Physical characteristics
- • location: Marshwood Reservoir in Olyphant, Lackawanna County, Pennsylvania
- • elevation: between 1,520 and 1,540 feet (460 and 470 m)
- • location: Roaring Brook in Dunmore, Lackawanna County, Pennsylvania
- • coordinates: 41°24′52″N 75°36′35″W﻿ / ﻿41.41446°N 75.60966°W
- • elevation: 1,010 ft (310 m)
- Length: 3.4 mi (5.5 km)
- Basin size: 3.06 sq mi (7.9 km^{2})

Basin features
- Progression: Roaring Brook → Lackawanna River → Susquehanna River → Chesapeake Bay

= Little Roaring Brook =

Little Roaring Brook is a tributary of Roaring Brook in Lackawanna County, Pennsylvania, in the United States. It is approximately 3.4 mi long and flows through Olyphant, Throop, and Dunmore. The watershed of the stream has an area of 3.06 sqmi. It contains several watersheds: Dunmore Reservoir Number One, Marshwood Reservoir, and Dunmore Reservoir Number Three. Some strip mining has been done in the stream's vicinity and it has a high load of sediment. The surficial geology in the stream's vicinity consists of Wisconsinan Till, surface mining land, bedrock, urban land, and wetlands.

==Course==
Little Roaring Brook begins at the Marshwood Reservoir in Olyphant. It flows west-southwest for several tenths of a mile, entering Throop and flowing into a valley. It then turns south before turning south-southwest and entering Dunmore. It then turns west-southwest for nearly a mile before entering Dunmore Reservoir Number One. From the southwestern edge of the reservoir, it flows west-northwest for several tenths of a mile, crossing Interstate 380. The stream then turns southeast and flows down a steep slope to its confluence with Roaring Brook.

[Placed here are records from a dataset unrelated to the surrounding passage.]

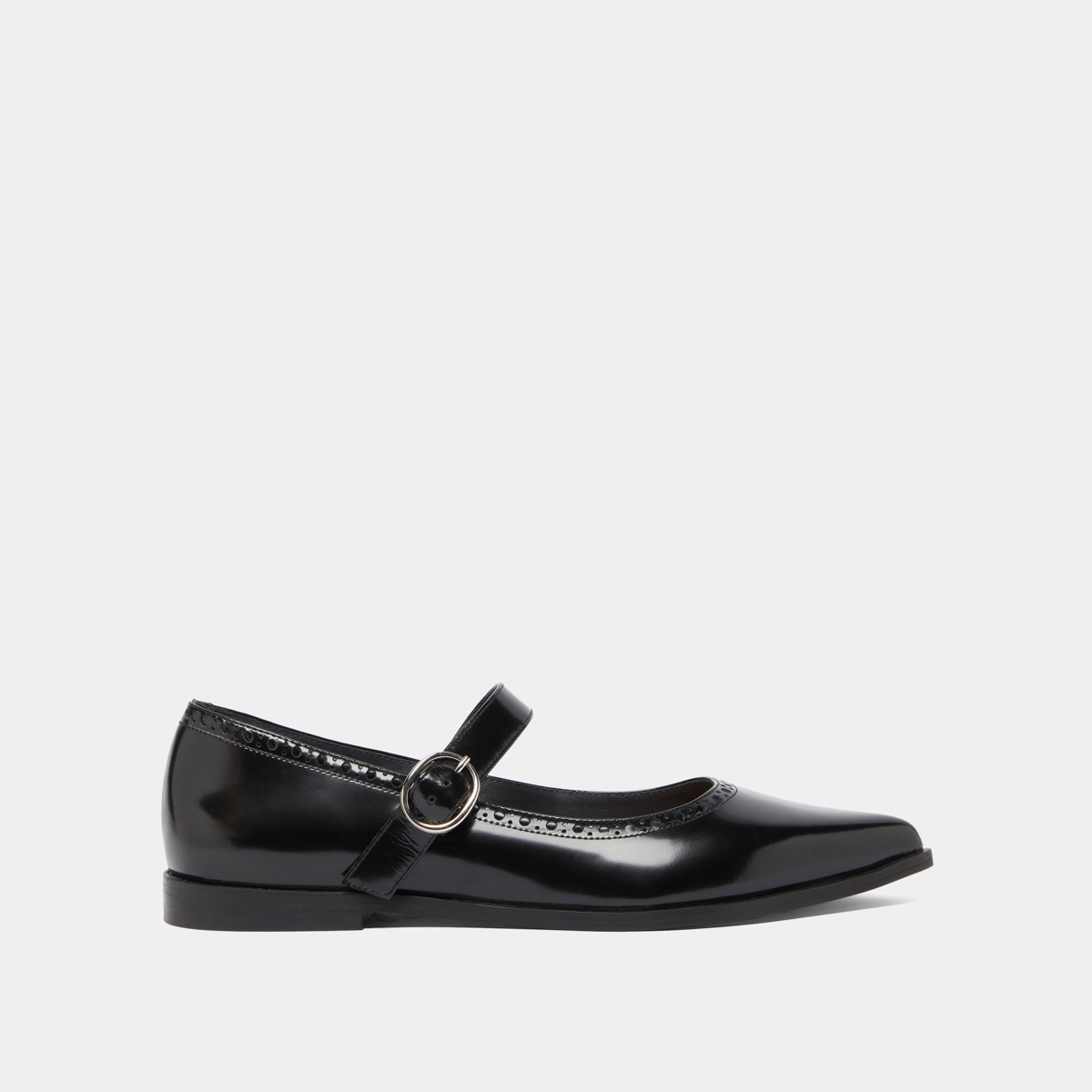 Ballet flats with pointed toes in black glazed leather | DEMIA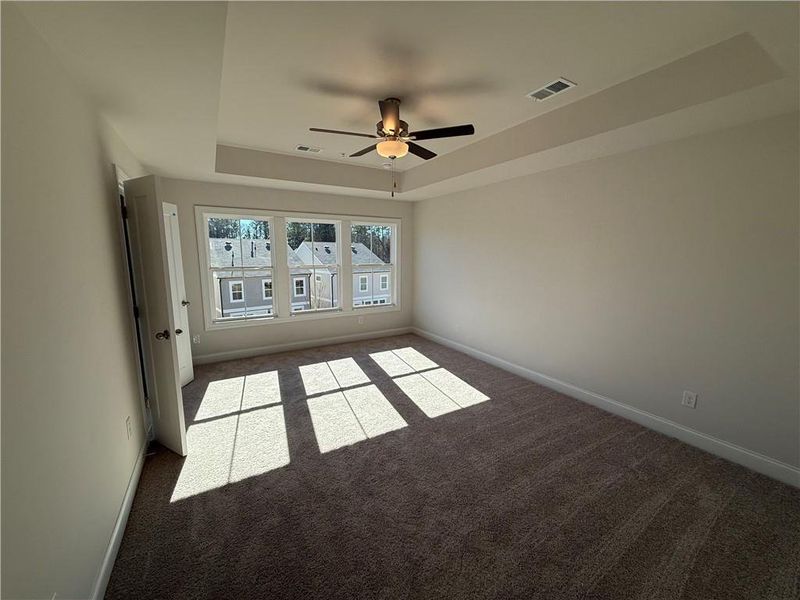 Spacious, unfurnished interior of a new home in , Marietta (Image 9).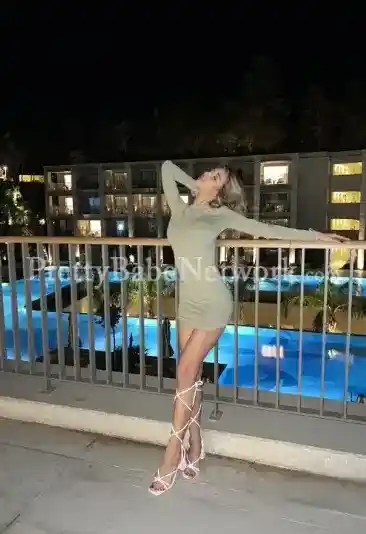 Select Young Australian Escort Harper For Incall Outcall Services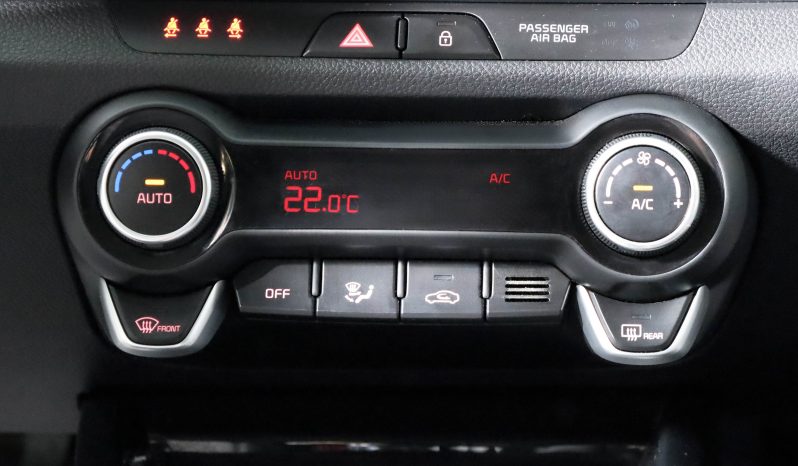 Kia STONIC 1.0T-GDI 6MT DRIVE completo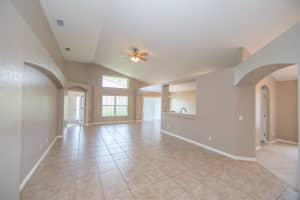 156 Argyle Gate Loop Rd, Dundee, FL 33838, Sold 06/02/22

Little Roaring Brook joins Roaring Brook 4.70 mi upstream of its mouth.

===Tributaries===
Little Roaring Brook has no named tributaries. However, it does have three unnamed tributaries.

==Hydrology==
Little Roaring Brook has a high load of sediment. There is also trash and debris along it in some reaches.

The peak annual discharge of Little Roaring Brook has a 10 percent chance of reaching 750 cubic feet per second. It has a 2 percent chance of reaching 1720 cubic feet per second and 1 percent chance of reaching 2350 cubic feet per second. The peak annual discharge has a 0.2 percent chance of reaching 5150 cubic feet per second.

==Geography and geology==
The elevation near the mouth of Little Roaring Brook is 1010 ft above sea level. The elevation near the stream's source is between 1520 and 1540 ft above sea level.

There is a waterfall known as Little Roaring Brook Falls in the watershed of Little Roaring Brook in Dunmore. The channel of the stream is an open concrete channel in some reaches. In other places, it has a natural shallow bank.

The highly stony Norwich and Chippewa silt and loams are found along Little Roaring Brook. They occur there on 0 to 8 percent slopes. The surficial geology in the vicinity of the stream's lower reaches mainly includes urban land heavily disrupted by cut and fill, a glacial or resedimented till known as Wisconsinan Till, and bedrock consisting of sandstone, conglomeratic sandstone, and shale. Further upstream, there is no urban land, but the surficial geology still includes bedrock, as well as surface mining land. Near the headwaters, there is Wisconsinan Till, surface mining land, and a patch of wetland.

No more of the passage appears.